What follows is a list of companies specialized in basic materials that have meaningful room for appreciation. They cover a variety of industries: steel, chemicals, and aluminum. I am most bullish about Alcoa largely due to its high volatility, which will enable the firm to drive high risk-adjusted returns when the global economy hits full employment quicker than expected. The company has an attractive spread between past and forward multiples, which allow for significant value creation.
Vale trades at a respective 5.5x and 6.4x past and forward earnings with a dividend yield of 2.6%. Consensus estimates for Vale's EPS forecast that it will decline by 13.5% to $3.77 in 2012 and then by 1.3% and 7.3% in the following two years. Assuming a multiple of 8x and a conservative 2013 EPS of $3.68, the rough intrinsic value of the stock is $29.44, implying 23% upside.

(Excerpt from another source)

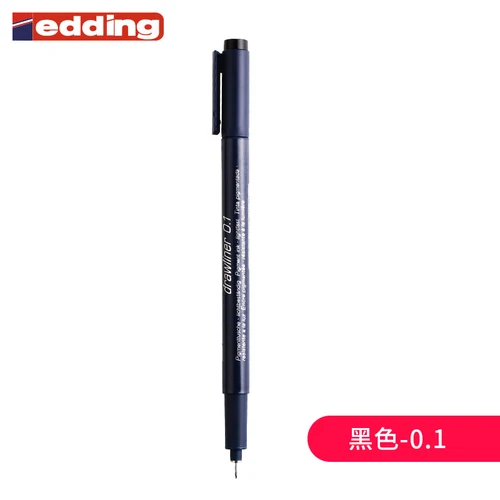 0.1mm Германия Edding 1880 тонкая ручка 0,05-0,8 мм эскизная ручка для рисования милый стационарный - Цвет: 0.1mm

The steel producer has experienced considerable difficulties that set the bar low (pun intended). It originally had to declare force major on several of its iron ore interests while average prices remain low. With that said, management has showcased confidence over free cash flow by announcing that it will pay out no less than $6B in dividends.

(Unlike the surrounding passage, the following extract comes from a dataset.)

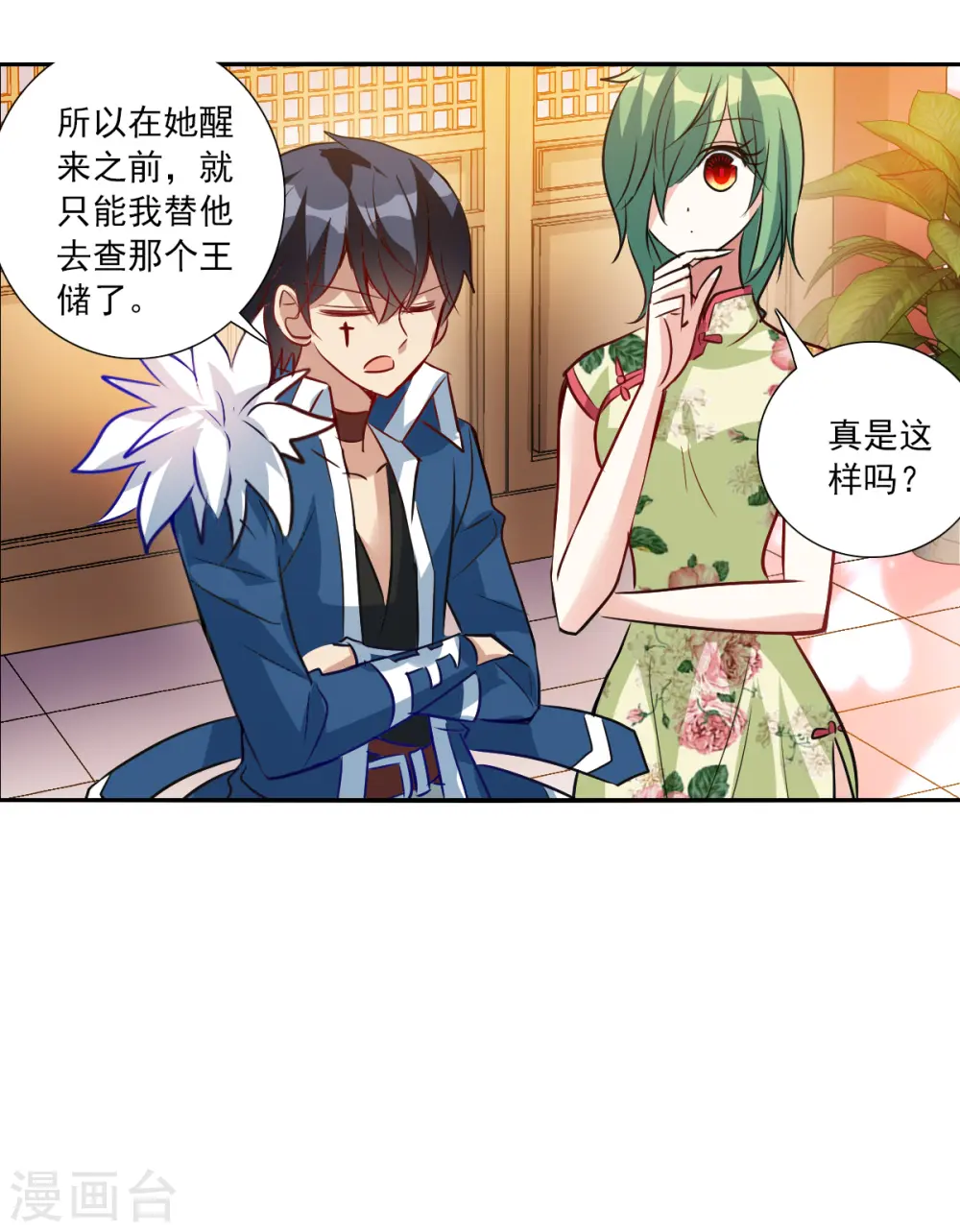 第2季第95话 最合适的保镖2 第10页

DuPont trades at a respective 14.5x and 11.2x past and forward earnings with a dividend yield of 3.1%. Consensus estimates for DuPont's EPS forecast that it will grow by 8.4% to $4.26 in 2012 and then by 12.2% and 11.7% in the following two years. Assuming a multiple of 13x and a conservative 2013 EPS of $4.68, the rough intrinsic value of the stock is $60.97, implying 14.2% upside.
The chemicals producer is experiencing meaningful growth in volumes as Pioneer represents a significant catalyst. I am further optimistic about how the Danisco takeover will unlock revenue and cost synergies. This value creation - particularly in the area where higher margins are concerned - can then be opportunistically leveraged for greater penetration in emerging markets. Accordingly, DuPont is safer than many bears will have you believe.
Alcoa trades at a respective 19.2x and 10.6x past and forward earnings with a divined yield of 1.2%. Consensus estimates for Alcoa's EPS forecast that it will decline by 31.9% to $0.49 in 2012 and then grow by 95.9% and 29.2% in the following two years. Assuming a multiple of 14x and a conservative 2013 EPS of $0.94, the rough intrinsic value of the stock is $13.16, implying 29.4% upside.
Based on my DCF model, I believe that Alcoa could be the top stock of 2012 in terms of shareholder returns. I model a double-digit growth rate over the next half decade or sound cost of goods sold, SG&A, R&D, capex, and taxes as 86%, 4.5%, 0.9%, 4.8%, and 24% of revenue, respectively. Net increases in working capital are normalizes too. Taking a perpetual growth rate of 2% and discounting backwards by a WACC of 7% yields a fair value figure of $14.35. This makes Alcoa a particularly attractive stock within the context of a full recovery.